As promised, here is the second installment of my July 20 practice log!
I practiced for about an hour tonight. I didn't spend much time at all on scales, arps, and inversions. I was ready to get re-acquainted with the Liszt. So, after a few minutes of a "warm up," I went straight to Liszt.
The 9-against-4 is coming. Still not there yet, not completely, but it's coming. It's a LOT easier if I focus on the timing of the RH and not the timing of the LH. Much easier. Only thing is, it's not easy for my mind to focus on the RH. I don't know why this is. I consciously have to force my mind to think, "Triplets. Slow. Slower than if you were fitting them evenly into the LH notes."
I played through the rest of the piece, just to see where I was weak and what needed the most work. Narrowing it down to "Section 11" (measures 79-90), I practiced it the way I've been practicing the fugue: drilling, drilling, and more drilling.
This piece is very different from the fugue, but it does have one thing in common with it: multiple voices singing multiple melodies. In the Liszt, the RH (mostly) plays two voices: the main melody and its echo a third of a beat later. If that's not tricky enough, there are dynamics to think about. My RH will be playing two notes at once, but the bottom note is part of the primary melody and needs to be, say, mezzo forte, whereas the top note is part of the echo and needs to be piano. And both are in a crescendo, but a crescendo appropriate to their respective volumes. Argh.

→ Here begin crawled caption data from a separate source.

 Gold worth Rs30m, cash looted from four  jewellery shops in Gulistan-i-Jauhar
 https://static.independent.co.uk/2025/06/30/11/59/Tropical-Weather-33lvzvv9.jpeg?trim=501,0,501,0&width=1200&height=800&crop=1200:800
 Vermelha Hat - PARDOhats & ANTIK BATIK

Measures 81, 83, and 87 include grace notes. The fingering for these has been really tricky for me. Do I use 4-5-4? 3-5-4? It would be nice to use the same fingering for the melody and the echo, but that would be really awkward. Typically, the note that follows the grace note is the top part of a chord, so my 1, 2, 3, and 4 fingers need to be ready to play the chord, so that makes things even trickier.
I think I've found fingerings that I'm happy with. For tonight. They are as follows (lower melody is in bold; echo isn't.)
Measure 81: 3-5-3, 4-5-4
Measure 83: 3-5-4, 3-5-4
Measure 87: 3-4-3, 3-5-4
The 3-5-4 works beautifully on Measure 83, but it needs some work in Measure 87. The the grace note is B-C# to B, so even though 4-5-4 would be more within reach (and allow me to hold the note in the lower melody), it's very awkward for the grace note. 3-5-4 isn't much better, but it worked the best for me.

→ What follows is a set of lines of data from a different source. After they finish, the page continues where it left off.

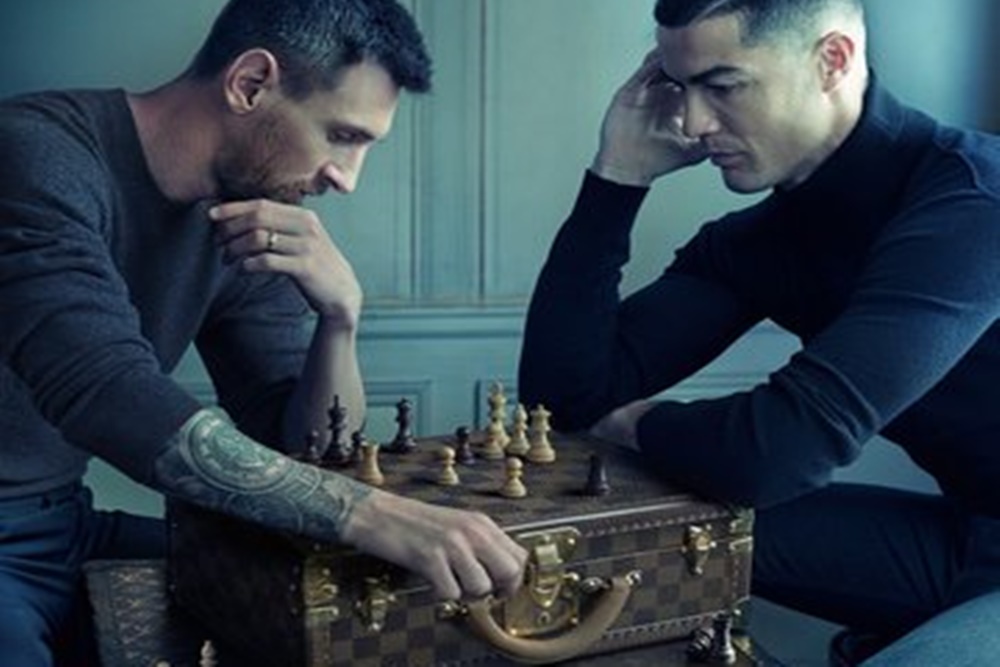 Foto Messi dan Ronaldo bermain catur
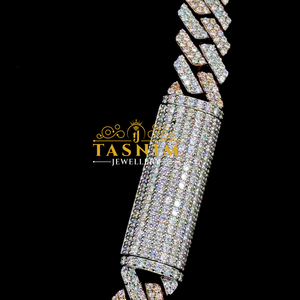 Collar de Cadena Cubana TASNIM en Oro Blanco con Moissanita VVS de Corte Redondo, 12MM, Engaste de Puntas, Joyería de Lujo para Bodas - Product Image 5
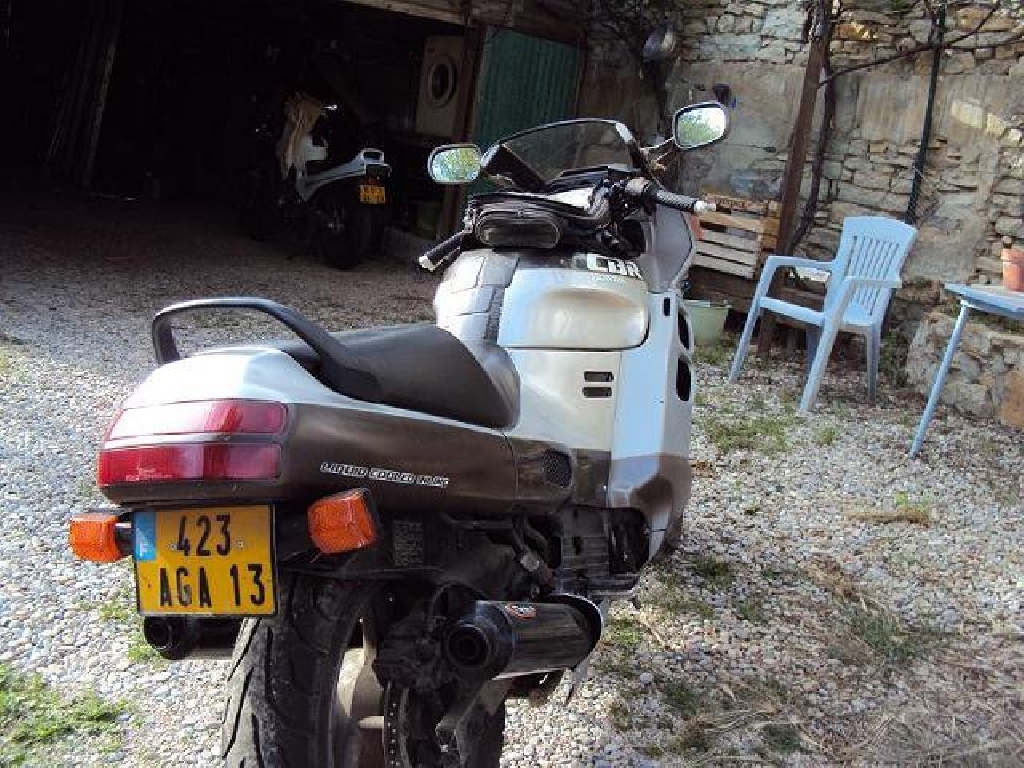 HONDA CBR 1000  1988 photo 2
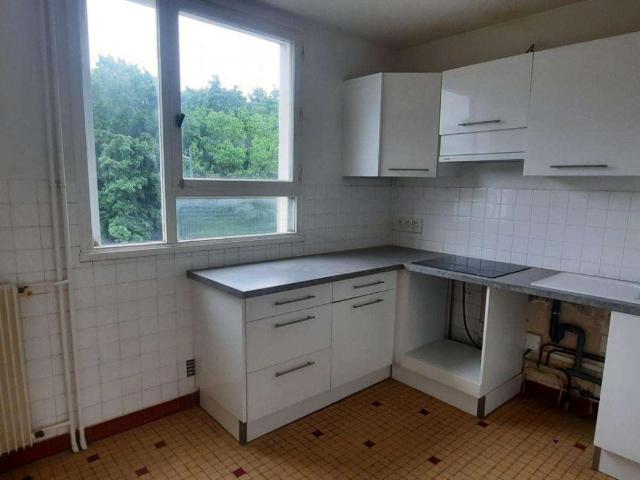 Location appartement 4 pièces Rennes Brequigny 35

If anyone has suggestions for alternate fingerings, I'll be happy to hear them. I practiced these fingerings tonight and they sound pretty good (though the lost "hold" on the main-melody note in Measure 87 irks me).

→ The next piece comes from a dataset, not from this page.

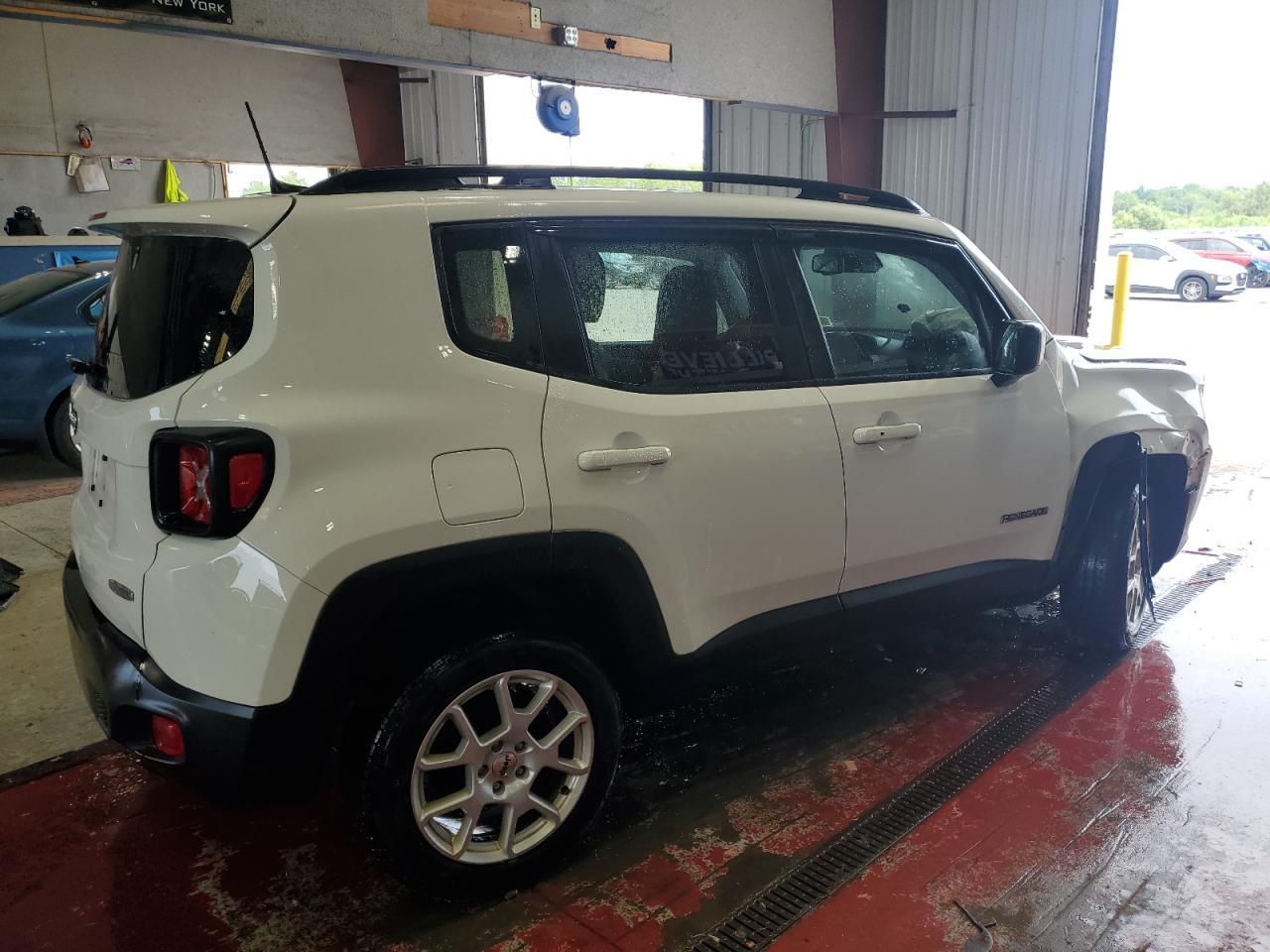 2022 Jeep Renegade Latitude - Image 3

OK. Boring technical discussion over. I love this piece. When I play it, I hear a million things I need to work on, but the tape-recording I made tonight sounded impressive. This is a big deal; rarely do I sound impressive to myself when I tape my playing. But I listened to myself playing Measures 62 to the end, and ... well, it sounded quite good. Put a big grin on my face, it did.
I was tempted to work on the Bach, but it's after 10:00 and I'm trying to overcome an insomnia problem. The fugue would probably not be conducive to sleeping.